Functions of Money Market
The major functions of money market are given below:
(a)    To maintain monetary equilibrium.
(b)    To promote economic growth.
(c)    To provide help to Trade and Industry.
(d)   To help in implementing Monetary Policy.
(e)   To help in Capital Formation.
(f)     Money market provides non-inflationary sources of finance to government.
c) Nationalisation: Nationalisation of Banks refers to transfer of ownership and management of banks from private individuals and shareholders to the public authorities. In 1969, 14 banks were nationalized. Again in 1980, 6 more banks were nationalized. In 1993, New bank is merged will Punjab National Bank. So, there are 19 nationalized banks in our country at present.
Objectives of Nationalisation:
a)      Preventing concentration of economic powers in the hands of few.
b)      Provide banking facilities in rural areas.
c)       Mobilization of savings of rural areas.
d)      Help to the agriculture industry.
e)      Balanced regional development of the country
f)       Provide adequate financial assistance to the public and private sector industry whether big or small.
g)      Greater stability and control in banking sector by reserve bank of India.
Achievements of nationalisation:
a)      Expansion of Bank branches: There has been a rapid increase of bank branches after nationalization. Till the end of March, 2014 number of bank branches increases to 97,010.
b)      Growth of deposit: After nationalization the deposit occupied by banks was increased due to various branches in Rural, Semi-urban and urban areas.
c)       Advances to priority sectors: Priority sector includes Agriculture, small business, small scale industry etc. There has been greater emphasis on those sectors now.
d)      Correction of regional imbalances: After nationalization, steps have been taken to improve banking services in less developed states.
e)      Advance to Agriculture: The nationalized banks have given particular importance in providing credit to agriculturists.
d) Inflationary Gap:- An inflationary gap is a macroeconomic concept that describes the difference between the current level of real gross domestic product (GDP) and the anticipated GDP that would be experienced if an economy is at full employment. This is also referred to as the potential GDP. For the gap to be considered inflationary, the current real GDP Must be the higher of the two metrics. The inflationary gap exists when the demand for goods and services exceeds production due to factors such as higher levels of overall employment, increased trade activities or increased government expenditure. This can lead to the real GDP exceeding the potential GDP, resulting in an inflationary gap.

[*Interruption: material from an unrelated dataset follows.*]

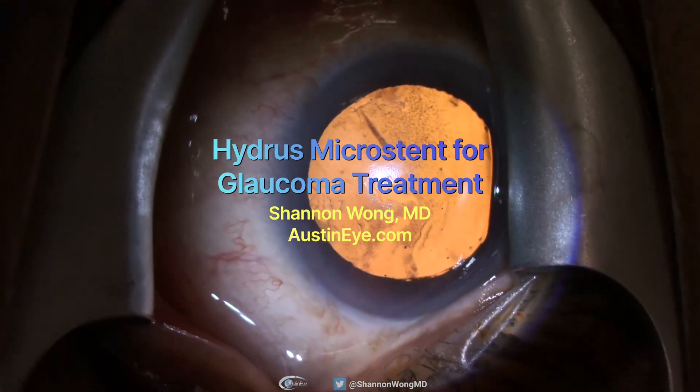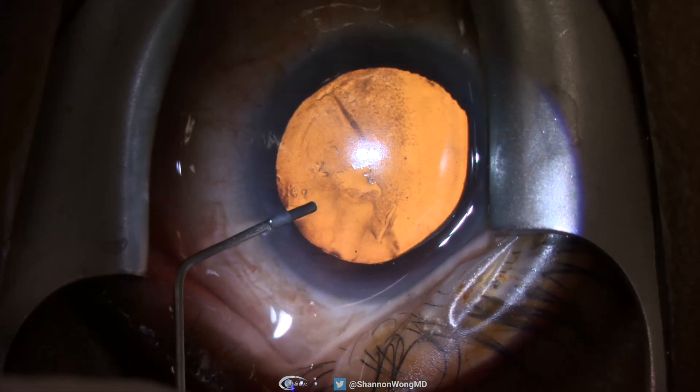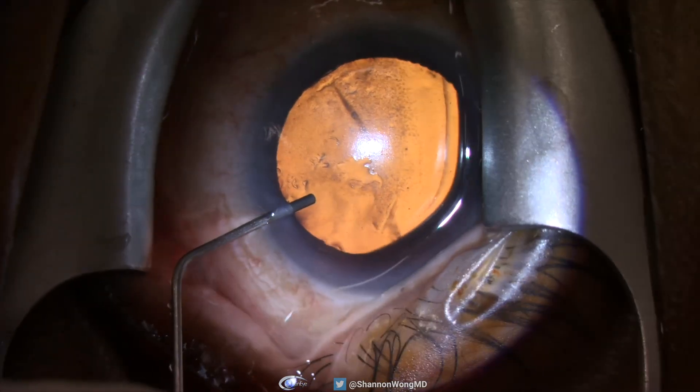Since February 2023, we've been using the Hydrus Microstent for treatment of glaucoma in patients undergoing cataract surgery.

The inflationary gap is so named because the relative increase in real GDP causes an economy to increase its consumption, which causes prices to rise in the long run. Due to the higher number of funds available within the economy, consumers are more inclined to purchase goods and services. As the demand for goods and services increases but production has not yet compensated for the shift, prices rise to restore market equilibrium. When the potential GDP is higher than the real GDP, the gap is referred to as a deflationary gap. According to macroeconomic theory, the goods market determines the level of real GDP, which is shown in the following relationship: Y = C + I G+ NX
Where:
Y = real GDP
C = consumption expenditure
I = investment
G = government expenditure
NX = net exports
An increase in consumption expenditure, investments, government expenditure or net exports causes real GDP to rise in the short run. Real GDP provides a measure of economic growth while compensating for the effects of inflation or deflation. This produces a result that accounts for the difference between actual economic growth and a simple shift in the prices of goods or services within the economy.